Yesterday I saw a video of a reporter covering what’s going on in NY city since storm Sandy blew through.

People were climbing into dumpsters to get food.  The reporter made a big deal out of this.  He kept talking about it as if it were the most fascinating and horrific action.  Someone ought to tell him lots of people go dumpster diving.  It’s been going on for years…by choice. You can find really great stuff from dumpsters.  If I lived in a large town I’d definitely be a dumpster diver.

The reporter also said people were searching dumpsters for food because they didn’t have any and couldn’t get it from stores.

How long did people know this storm was coming?

Why do so few people prepare for events like this?  In the USA it is so easy to gradually stock up on supplies to last a good long while.

Humans have developed too much carelessness (and other weakness) in our civilization.  It might be better for our species if natural selection was permitted to edit out more of the ill-equipped to live.   Instead our society aims to “save everyone” and I’m not so sure that’s working out very well.

I’ll be first to admit that I’m not a very peopley person.  I’ve always been an introvert but I don’t think I am a born misanthrope.  So many of my people experiences have been painful, awkward, and alienating.  I don’t hate people but also don’t enjoy them very much either.  I don’t really blame them.  From what I’ve observed our entire civilization is very sick and so it produces sick people.  Lots of mental and emotional instability.  Lots of suffering that leads to more suffering.  I aim to treat others with respect and kindness while trying to keep myself from getting sucked into their misery.  The world needs more kindness and acceptance.

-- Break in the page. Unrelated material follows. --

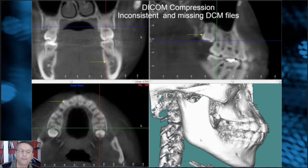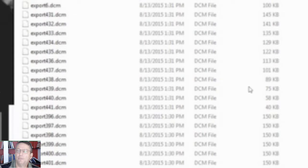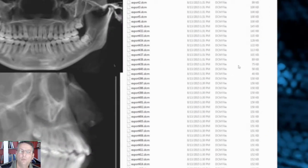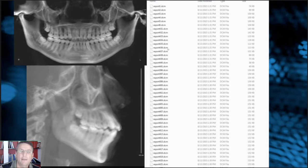All DICOM files are supposed to be the same size. This particular scan, when it became corrupted, had files of different sizes. You can see that these file sizes are all different, and each one represents one slice. So you might take the scan and when you export the data, it can be corrupt. If you get a message from your customers saying they can't utilize the scan data, check to make sure the files were exported correctly. This can produce double images because the files are not set up correctly.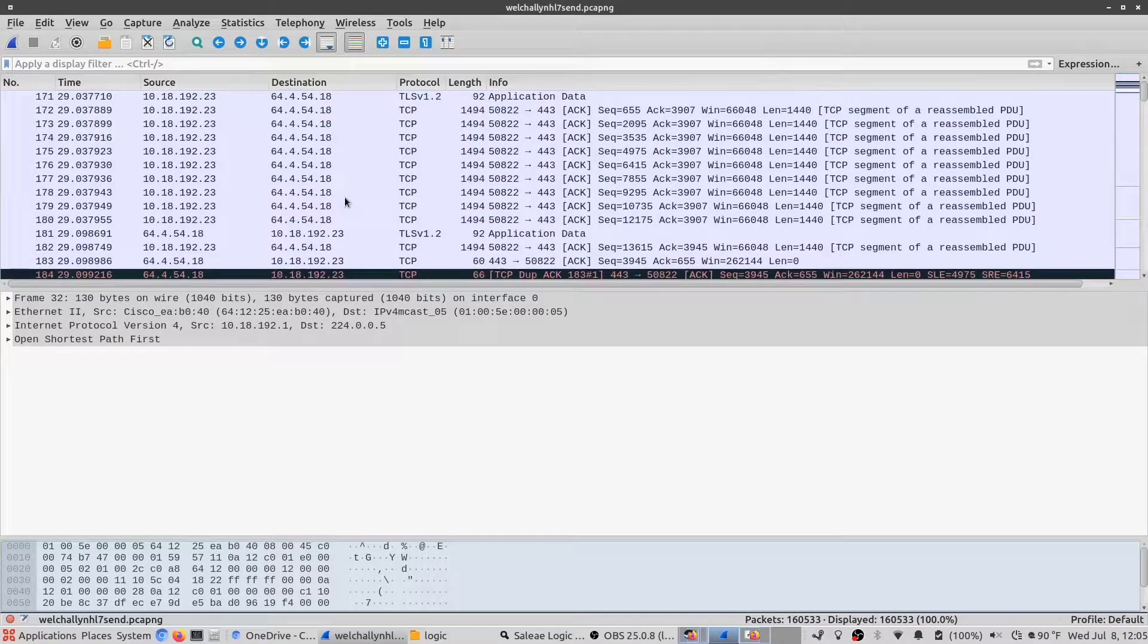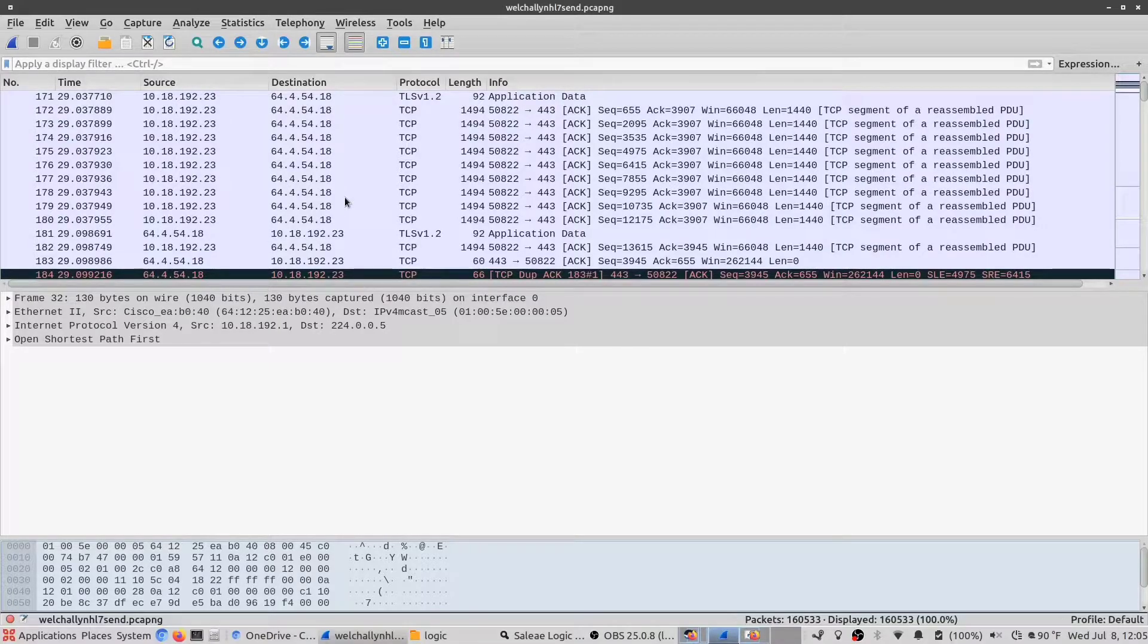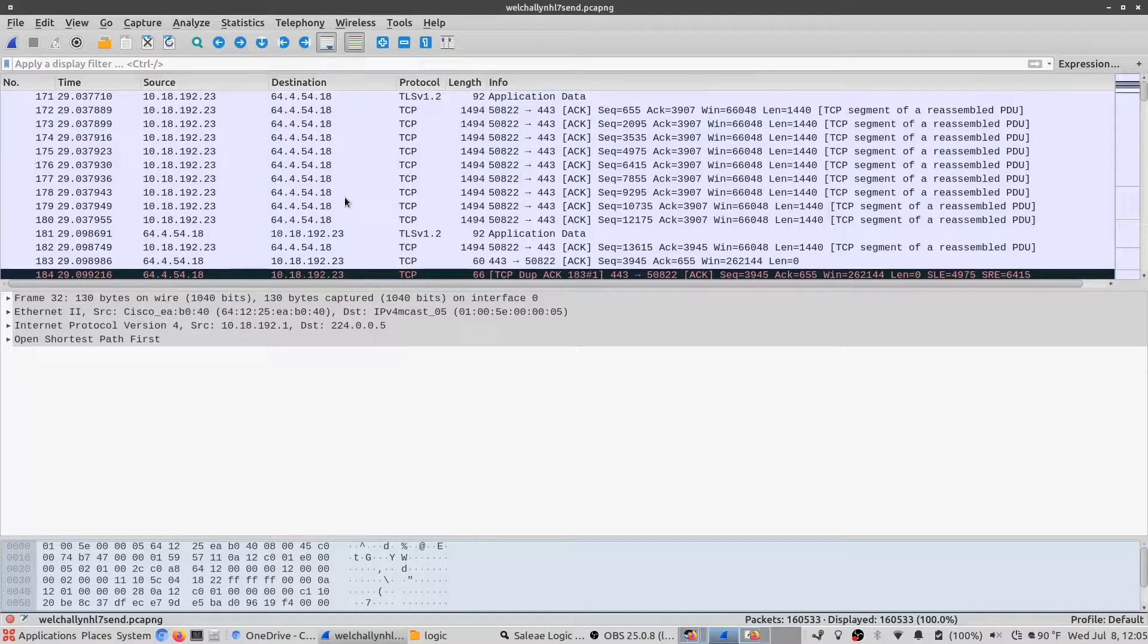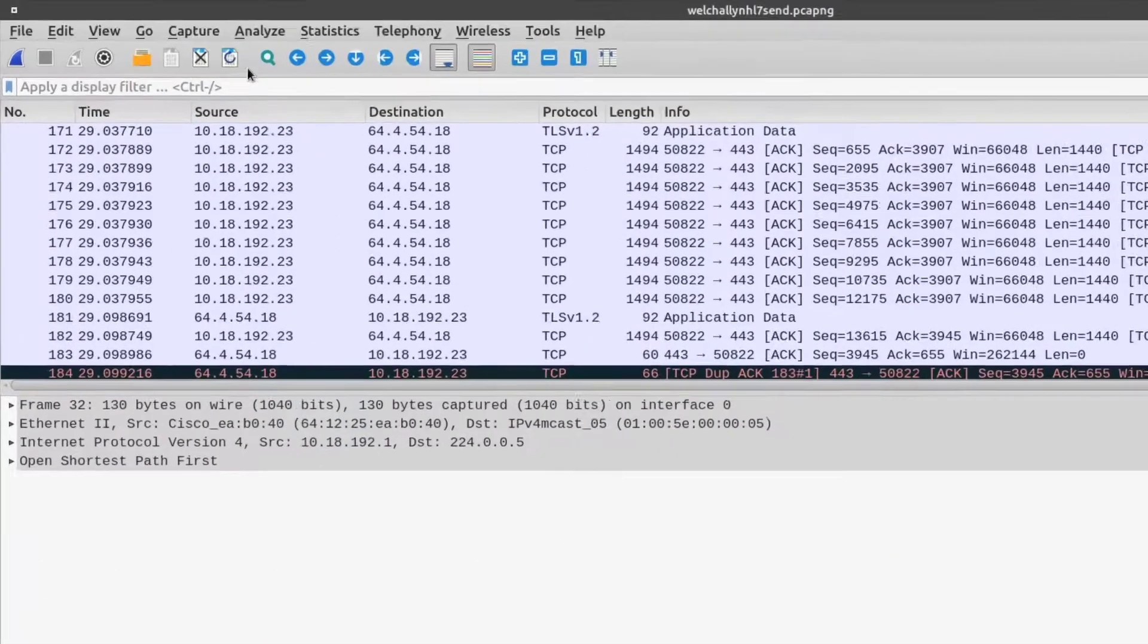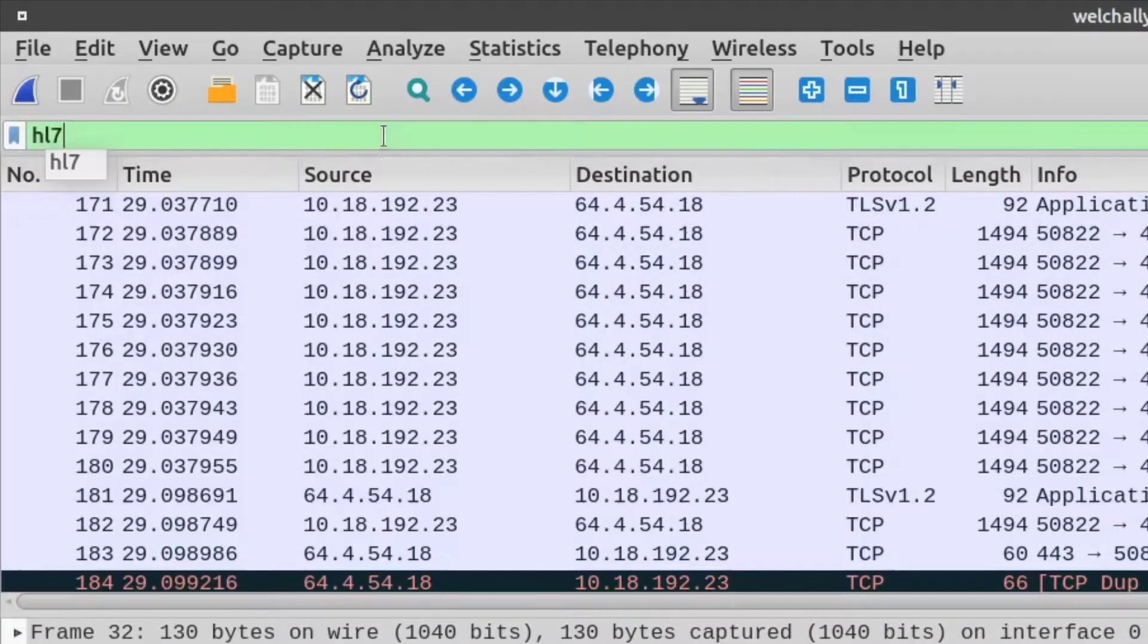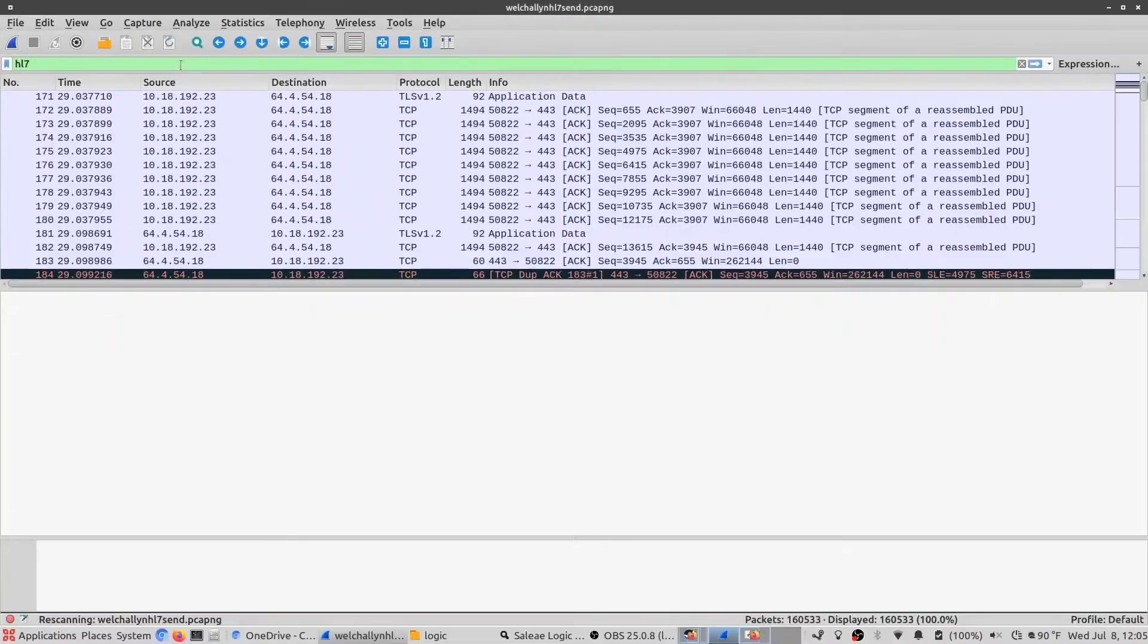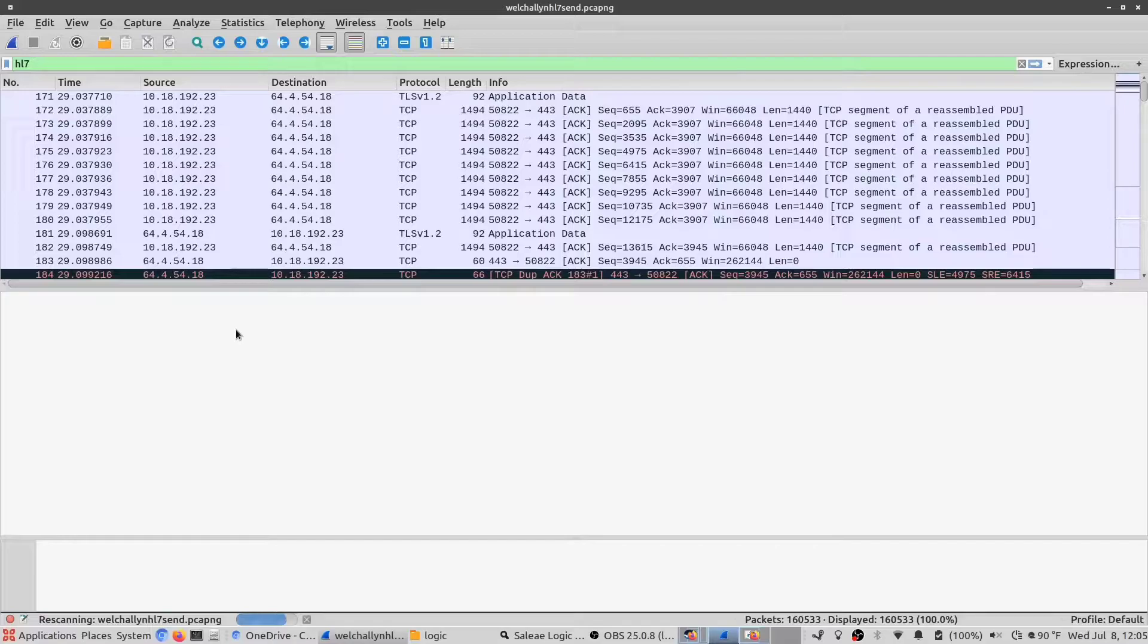We could spend the whole day going through this file looking for the packets we care about, but we know that we're only looking for HL7 packets. So using the filter tab at the top, we can type in HL7 and press enter, and Wireshark will start pulling out all the HL7 packets.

I’ve been making an effort to curb my more critical thoughts about people.  When I have those kinds of thoughts I try to consider that people are suffering from an immense lack of well-being.   Then I also remind myself of my own flaws and think instead of what I need to do to make myself better.  It’s tough to see the insanity, lack of responsibility,  and unconsciousness and not be upset by it.  I’m not sure where this human monkey experiment is headed….but it sure seems we’re intent on killing ourselves off one way or another.  The illusion of our success can only last so long.